What you have to do:
Only the pictures should be dropped; copy the rest of the entries exactly.
─── Supplied material ───
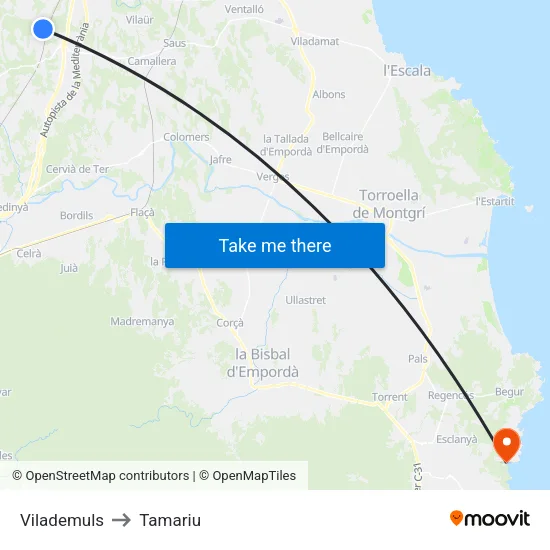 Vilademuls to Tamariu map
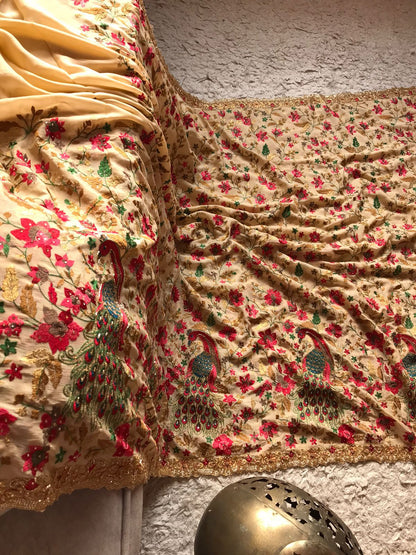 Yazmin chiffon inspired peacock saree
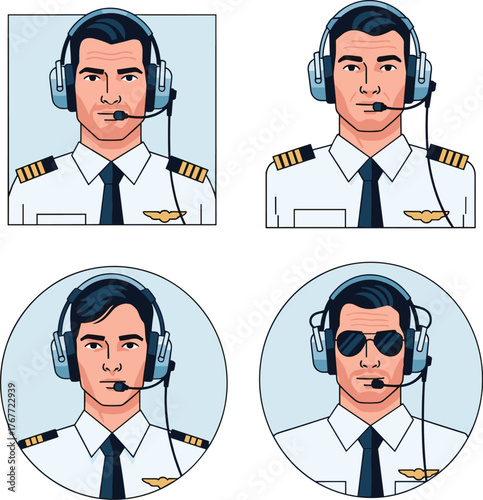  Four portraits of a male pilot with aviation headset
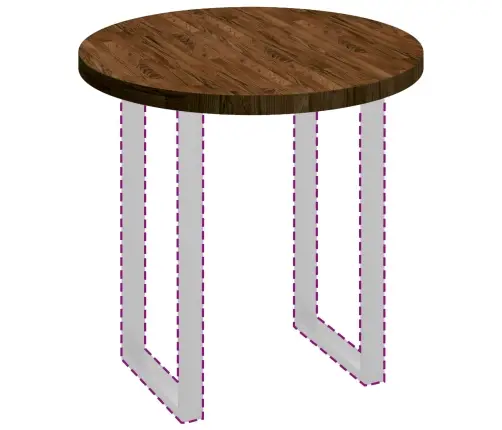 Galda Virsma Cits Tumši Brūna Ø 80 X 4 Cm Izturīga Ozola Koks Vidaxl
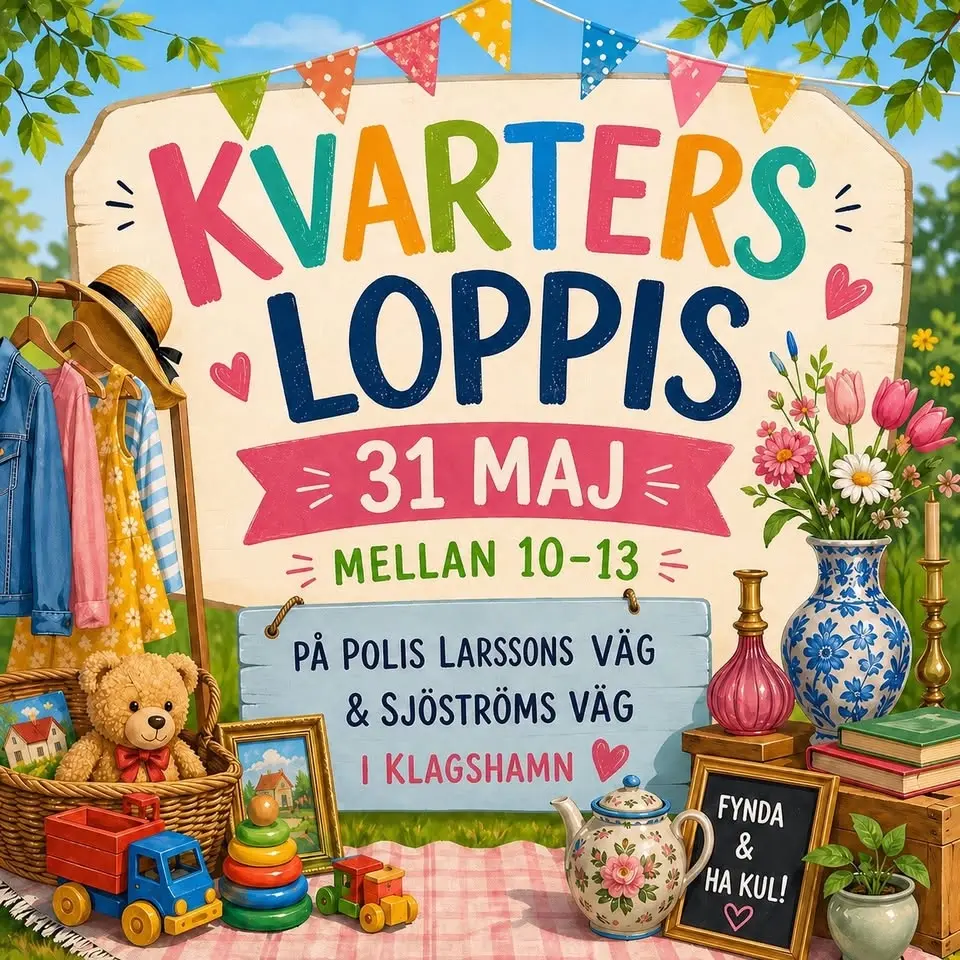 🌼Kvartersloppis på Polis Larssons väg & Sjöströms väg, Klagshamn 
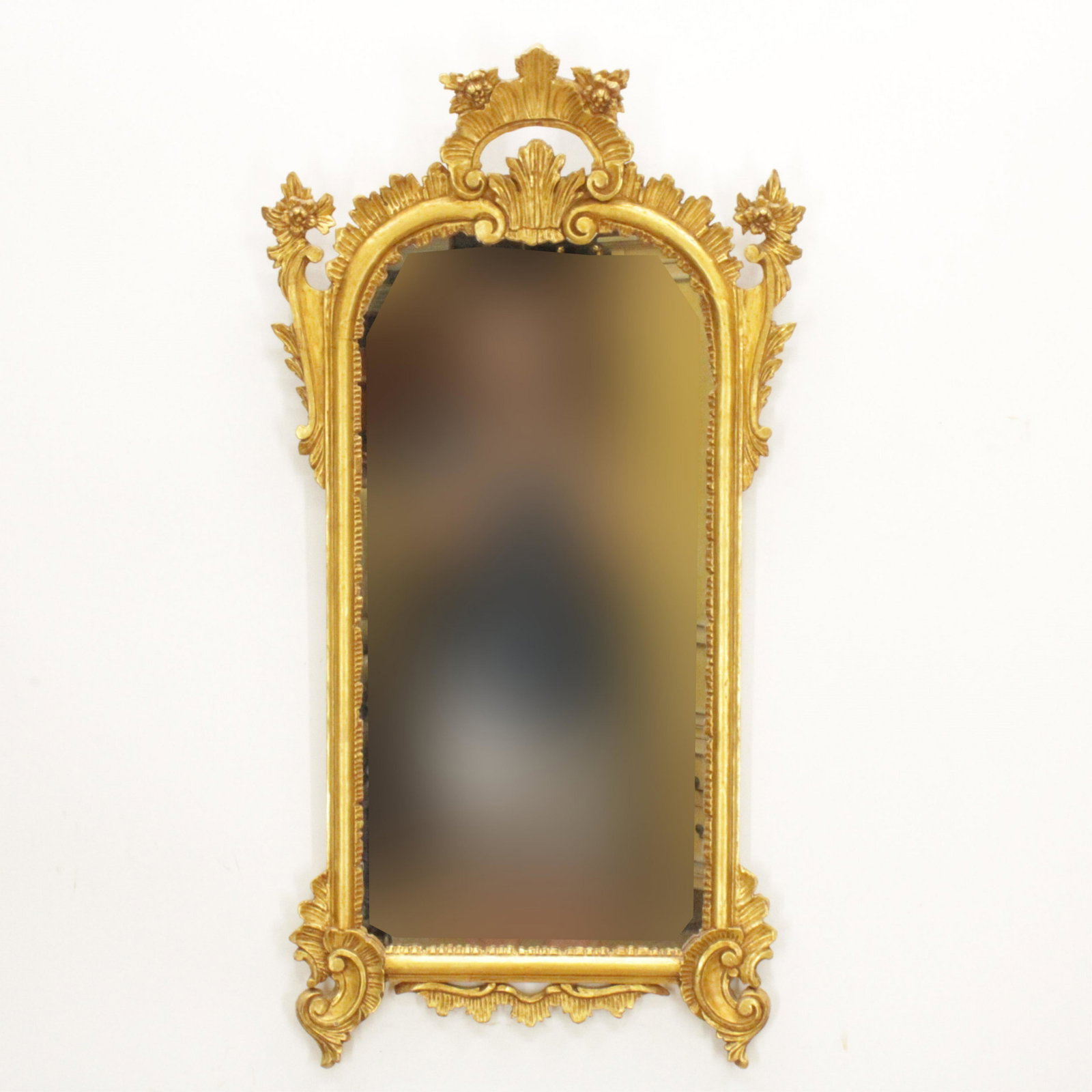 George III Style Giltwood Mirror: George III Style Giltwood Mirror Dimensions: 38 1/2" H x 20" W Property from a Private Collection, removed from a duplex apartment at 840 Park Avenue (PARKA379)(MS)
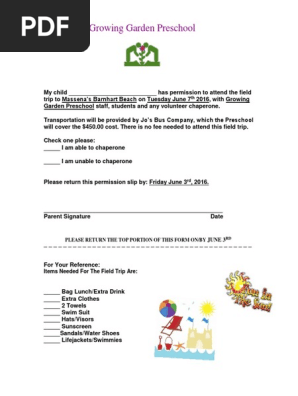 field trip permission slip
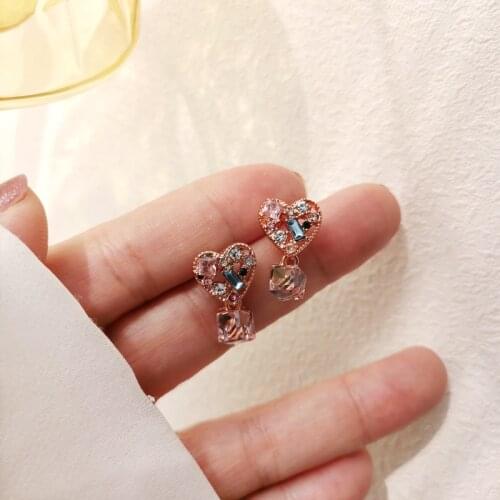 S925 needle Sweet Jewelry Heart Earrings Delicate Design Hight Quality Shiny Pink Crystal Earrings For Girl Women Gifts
───
Finished exercise:
 Vilademuls to Tamariu map
 Yazmin chiffon inspired peacock saree
  Four portraits of a male pilot with aviation headset
 Galda Virsma Cits Tumši Brūna Ø 80 X 4 Cm Izturīga Ozola Koks Vidaxl
 🌼Kvartersloppis på Polis Larssons väg & Sjöströms väg, Klagshamn 
 George III Style Giltwood Mirror: George III Style Giltwood Mirror Dimensions: 38 1/2" H x 20" W Property from a Private Collection, removed from a duplex apartment at 840 Park Avenue (PARKA379)(MS)
 field trip permission slip
 S925 needle Sweet Jewelry Heart Earrings Delicate Design Hight Quality Shiny Pink Crystal Earrings For Girl Women Gifts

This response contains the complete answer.